What sets Black Sabbath so apart is the manner in which they managed both to establish a genre, and play with it, all at once. They draw the defining line in the sand that demarcates “heavy metal,” and yet decide not to step fully over it – combining old psychedelic rock practices with an unabashedly ominous aesthetic, they defy conventional temporality by introducing the house style both for the original genre of heavy metal, and for its descendant subgenre doom, concurrently.
And this brings us back to that opening track. Though the inside of the gatefold is indeed an upside-down cross, Ozzy is predominantly seen wearing his the right way up: the fear, the horror, the dark premonitions are all in many ways the church’s own. Nevertheless, the figure of Satan throughout Black Sabbath’s work is compellingly inconsistent, at times acting as dark tempter of souls, pitiless judge of hawkish capitalists, and looming harbinger of unknown yet surely awful fates.
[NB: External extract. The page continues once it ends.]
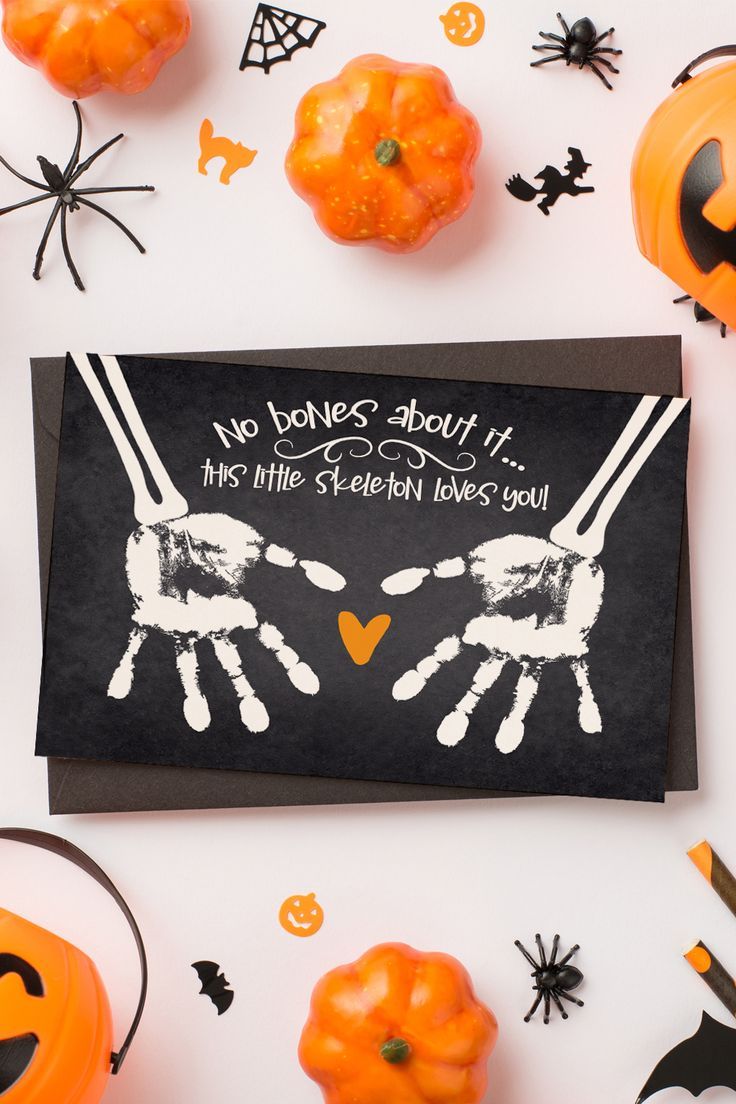 halloween greeting card with handprinted hands and pumpkins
Indeed, Satan’s multivalence is as such that all things in the world may be definable in relation to Satan, including and especially God, who exists less as a presence, but as a name, cried in vain at the sight of the demonic, and seemingly very real, figure in black.
An alternative to the pantheistic understanding of God as residing within all things, the chilly – if suspiciously sweet-smelling – world of Black Sabbath’s Black Sabbath is one of pandemonium. Though we may rebel, our battle cry is one of terror, horror, and dread.
Big black shape with eyes of fire
Telling people their desire
Satan’s sitting there, he’s smiling
Watches those flames get higher and higher
Oh no, no, please God help me!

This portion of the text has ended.